The earliest recorded visit to this area was made by settler William Collins in 1804 when exploring the Port in the ship "Lady Nelson". He was particularly impressed by the South Esk and its cataract and wrote, "Upon approaching the entrance I observed a large fall of water over rocks, nearly a quarter of a mile up a straight gully between perpendicular rocks about 150 ft high.

The beauty of the scene is probably not surpassed in the world". For the early development of this resort we are indebted to a private organization call The Launceston City and Suburbs Improvement Association, formed in December 1899. This body undertook to construct an access along the Cataract Gorge, which took eight years to complete. In 1940, a suspension bridge was constructed across the South Esk River at the head of the First Basin to connect the two sides of the River area.

Further up the River, at Duck Reach , a turbine-driven power station was constructed by the Council and it is understood that Launceston had the distinction of being the first City south of the Equator to be lit by electricity, generated by water power. On the 10th December, 1895, electricity was officially switched on.

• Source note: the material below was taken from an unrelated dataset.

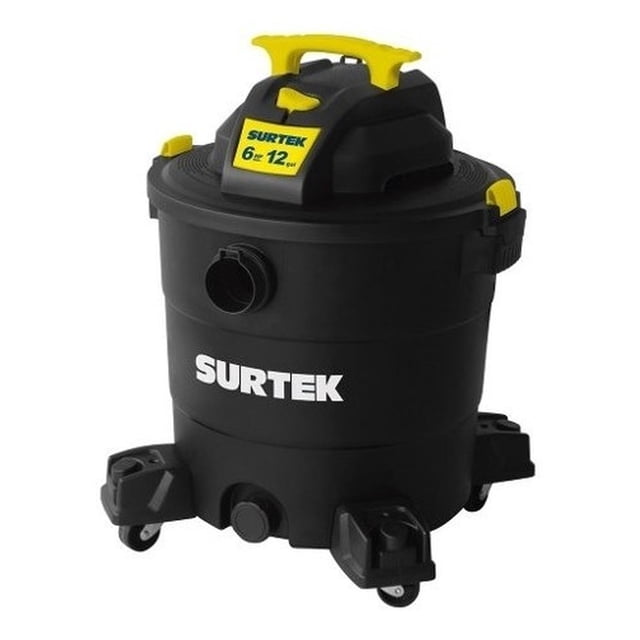 Aspiradora Seco Y Mojado 12 Galones 6hp As612a Surtek SURTEK AS612A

Apart from the magnificent vistas along the cataract there are the very enjoyable developed areas in the vicinity of the Cliff Grounds Restaurant and the First Basin swimming pool. There is an extremely interesting variety of natural flora totalling more than 70 species native to the area which is also inhabited by many different species of native fauna and approximately seventy different species of birds have been seen in the Gorge including nine species endemic to Tasmania.